A couple weeks ago, I was in tears when we pulled up to the kennel where we were leaving our dogs for a few days. I just saw a small, fenced in area off the side of the house, and it was – horror! – uncovered. Is that really where our dogs are going to be? What if it rains? What if they get sad? We can’t leave them here Mr. B! We can’t! He convinced me that they would probably have to stay there anyway, so we went in to talk to the kennel owner, who explained that there was a large fenced area out back and that at night, the dogs all came inside and got to sleep on the furniture and even in bed with her. I nearly cried again, this time out of relief and happiness.

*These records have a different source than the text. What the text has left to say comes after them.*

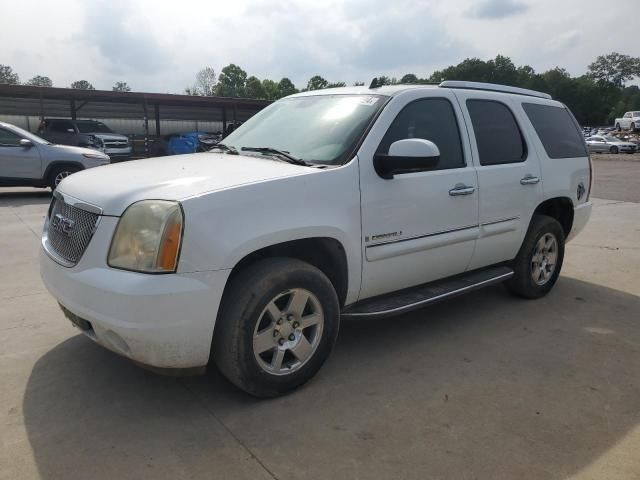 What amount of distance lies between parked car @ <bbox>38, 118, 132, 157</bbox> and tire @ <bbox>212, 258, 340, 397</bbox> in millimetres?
18860

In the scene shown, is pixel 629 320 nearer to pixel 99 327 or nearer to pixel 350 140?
pixel 350 140

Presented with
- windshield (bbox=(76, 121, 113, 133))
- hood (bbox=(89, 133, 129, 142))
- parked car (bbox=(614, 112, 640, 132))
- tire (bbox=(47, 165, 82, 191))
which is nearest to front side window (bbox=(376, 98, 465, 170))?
tire (bbox=(47, 165, 82, 191))

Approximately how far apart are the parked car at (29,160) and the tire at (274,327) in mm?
9765

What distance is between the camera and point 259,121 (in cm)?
429

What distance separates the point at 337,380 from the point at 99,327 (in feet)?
4.73

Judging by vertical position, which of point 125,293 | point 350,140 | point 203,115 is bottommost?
point 125,293

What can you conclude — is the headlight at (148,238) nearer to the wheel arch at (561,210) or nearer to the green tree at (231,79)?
the wheel arch at (561,210)

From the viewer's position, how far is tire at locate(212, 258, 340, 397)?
2.77 m

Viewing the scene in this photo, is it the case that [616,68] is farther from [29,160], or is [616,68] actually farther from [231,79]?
[29,160]

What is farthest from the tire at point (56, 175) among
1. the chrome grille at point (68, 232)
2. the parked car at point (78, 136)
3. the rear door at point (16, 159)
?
the chrome grille at point (68, 232)

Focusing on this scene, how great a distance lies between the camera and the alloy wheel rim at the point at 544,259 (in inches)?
188

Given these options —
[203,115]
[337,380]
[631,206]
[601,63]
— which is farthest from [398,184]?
[601,63]

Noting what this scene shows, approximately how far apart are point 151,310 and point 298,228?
0.90 metres

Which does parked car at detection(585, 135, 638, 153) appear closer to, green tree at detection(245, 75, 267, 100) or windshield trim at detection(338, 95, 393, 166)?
windshield trim at detection(338, 95, 393, 166) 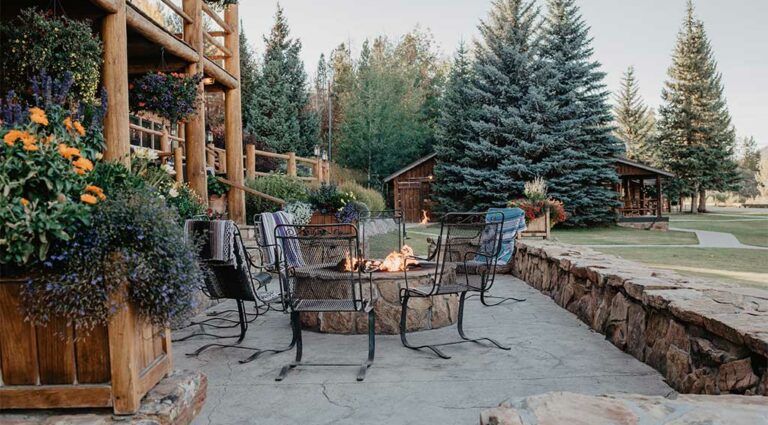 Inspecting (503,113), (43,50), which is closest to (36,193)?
(43,50)

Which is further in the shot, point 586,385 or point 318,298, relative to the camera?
point 318,298

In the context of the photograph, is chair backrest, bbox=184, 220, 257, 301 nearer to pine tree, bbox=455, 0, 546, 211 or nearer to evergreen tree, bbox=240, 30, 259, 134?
pine tree, bbox=455, 0, 546, 211

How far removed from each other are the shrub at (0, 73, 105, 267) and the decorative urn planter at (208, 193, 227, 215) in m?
7.27

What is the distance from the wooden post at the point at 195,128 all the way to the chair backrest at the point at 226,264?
12.6 feet

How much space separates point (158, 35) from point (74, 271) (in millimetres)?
5725

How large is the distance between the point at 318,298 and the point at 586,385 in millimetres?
1768

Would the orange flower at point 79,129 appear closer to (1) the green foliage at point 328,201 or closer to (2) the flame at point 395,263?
(2) the flame at point 395,263

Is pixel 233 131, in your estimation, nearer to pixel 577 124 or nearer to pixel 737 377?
pixel 737 377

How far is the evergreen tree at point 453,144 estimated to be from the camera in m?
22.5

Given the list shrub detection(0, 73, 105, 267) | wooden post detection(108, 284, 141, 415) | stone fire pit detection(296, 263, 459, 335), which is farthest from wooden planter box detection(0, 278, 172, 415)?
stone fire pit detection(296, 263, 459, 335)

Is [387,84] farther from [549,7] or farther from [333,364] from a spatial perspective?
[333,364]

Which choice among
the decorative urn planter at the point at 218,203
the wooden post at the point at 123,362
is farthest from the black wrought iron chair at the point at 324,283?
the decorative urn planter at the point at 218,203

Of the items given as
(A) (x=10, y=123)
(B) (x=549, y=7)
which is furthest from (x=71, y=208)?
(B) (x=549, y=7)

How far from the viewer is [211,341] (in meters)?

And a couple weeks before that, I made a home made pizza. My husband was a bit late coming home from work, so I spent a little extra time drooling over all the delightful aromas I had created. By the time he was on his way and I popped the pizza into the oven, I had built this pizza up to be the best pizza my taste buds would ever have the pleasure of rubbing against. But when I took the pizza out of the oven, I dropped it. The toppings went everywhere. And before I had even processed what happened, there were tears streaming down my face.

So yes, I can vouch that crying can become a little more routine for pregnant ladies.

Ice cream

As the Venn diagram suggests, this is the one area that is absolutely spot on. And my experience has suggested the same thing. As I described earlier, the only intense craving I ever had was for ice cream.  I have absolutely developed a sweet tooth during the course of this pregnancy, and ice cream has always hit the spot. It’s not uncommon these days to spot me with a tub and spoon in hand.

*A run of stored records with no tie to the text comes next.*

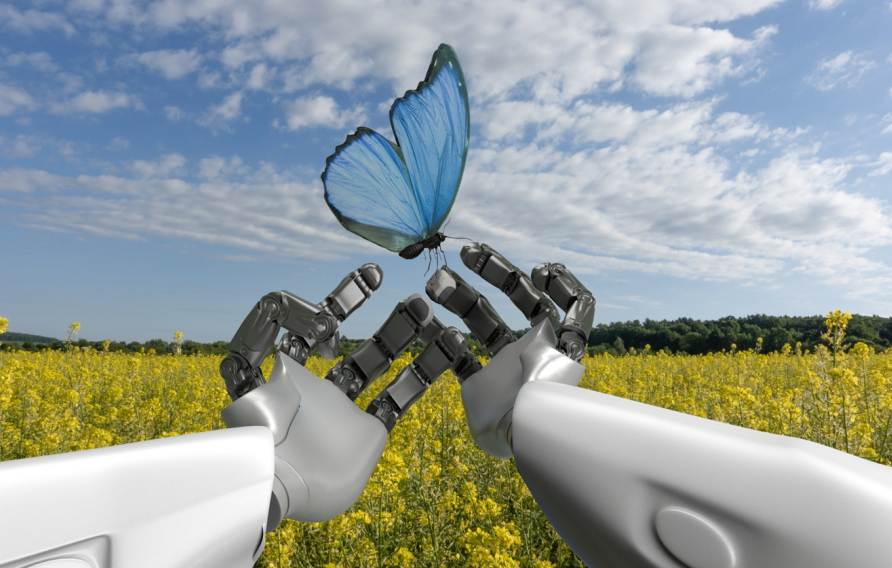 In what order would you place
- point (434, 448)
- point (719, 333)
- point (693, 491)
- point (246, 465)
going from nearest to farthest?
point (693, 491) → point (246, 465) → point (434, 448) → point (719, 333)

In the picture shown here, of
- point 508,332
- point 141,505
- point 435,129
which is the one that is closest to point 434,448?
point 508,332

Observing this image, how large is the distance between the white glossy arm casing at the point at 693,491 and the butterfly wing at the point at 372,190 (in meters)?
0.79

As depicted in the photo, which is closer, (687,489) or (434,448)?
(687,489)

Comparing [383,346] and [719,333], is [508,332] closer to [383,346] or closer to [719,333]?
[383,346]

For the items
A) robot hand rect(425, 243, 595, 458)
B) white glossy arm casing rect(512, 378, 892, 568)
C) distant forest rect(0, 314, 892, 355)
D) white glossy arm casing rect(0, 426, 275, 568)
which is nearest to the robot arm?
white glossy arm casing rect(512, 378, 892, 568)

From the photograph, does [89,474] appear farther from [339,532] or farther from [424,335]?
[339,532]

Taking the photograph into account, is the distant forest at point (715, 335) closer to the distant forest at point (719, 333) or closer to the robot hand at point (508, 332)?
the distant forest at point (719, 333)

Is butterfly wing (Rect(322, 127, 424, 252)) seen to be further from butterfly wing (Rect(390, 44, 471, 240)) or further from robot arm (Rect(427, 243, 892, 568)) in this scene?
robot arm (Rect(427, 243, 892, 568))

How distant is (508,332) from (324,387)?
60cm

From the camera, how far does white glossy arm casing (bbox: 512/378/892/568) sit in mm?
646

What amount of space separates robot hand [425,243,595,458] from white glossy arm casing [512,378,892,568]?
405mm

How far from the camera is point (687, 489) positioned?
2.42 ft

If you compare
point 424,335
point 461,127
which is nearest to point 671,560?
point 424,335

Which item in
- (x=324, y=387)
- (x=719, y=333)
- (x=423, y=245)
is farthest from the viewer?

And just the other night, while my husband was working nights, I sent him an early morning text to check in and see how he was doing.

“What are you doing up?” he asked – a reasonable question at 3 a.m.

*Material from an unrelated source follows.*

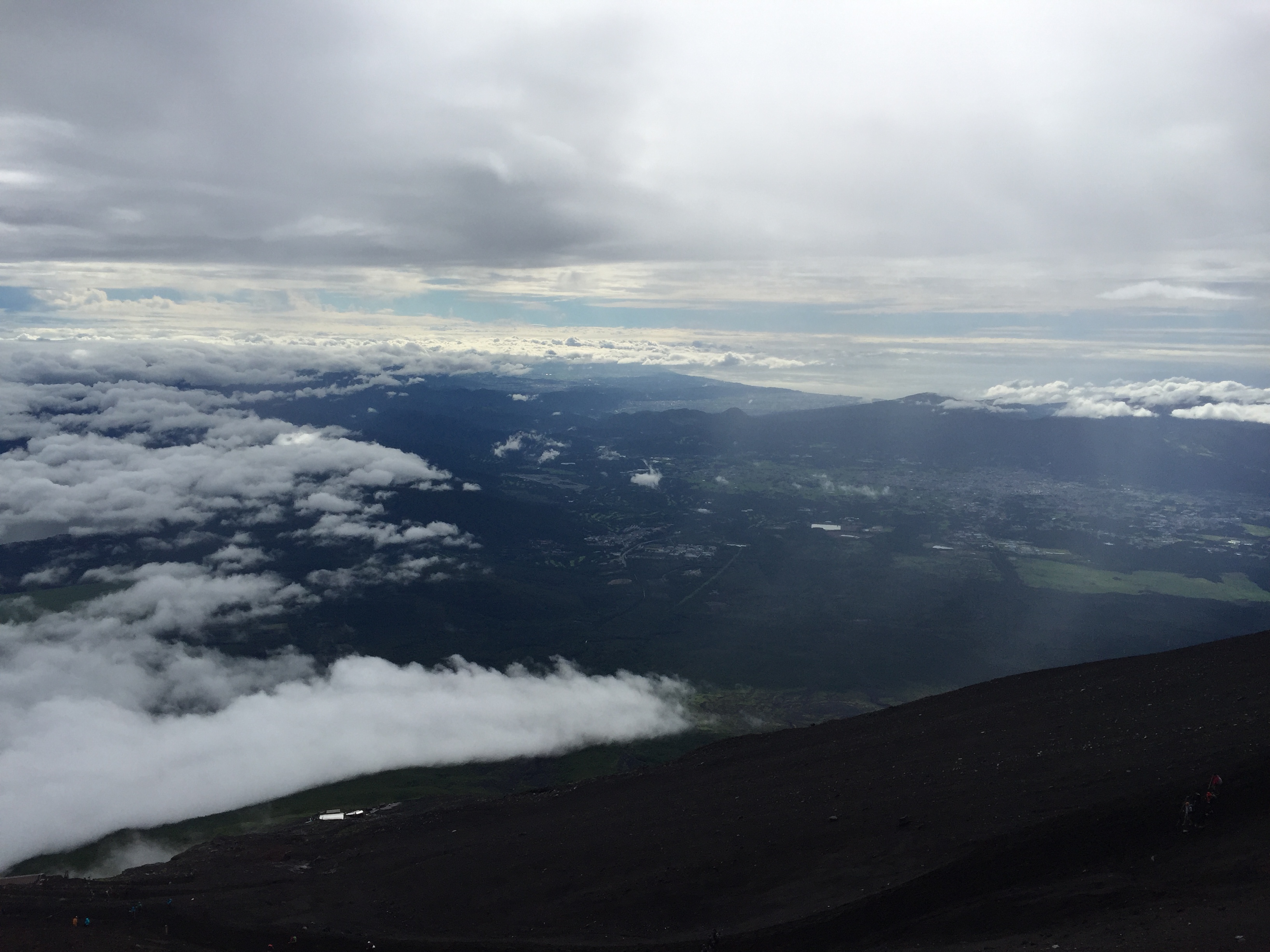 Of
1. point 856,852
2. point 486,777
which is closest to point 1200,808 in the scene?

“Ice cream.” That was my entire response.

And that, friends, is the most pregnant thing I have said in the past nine months.

A burning issue

And now, a break for science.

Water has a relatively high thermal capacity, compared to air. That means it takes more energy to heat it up, and it retains its heat for longer. If you have a large body of water, like say an ocean or a Great Lake, the overall effect on the surrounding air can be pretty significant.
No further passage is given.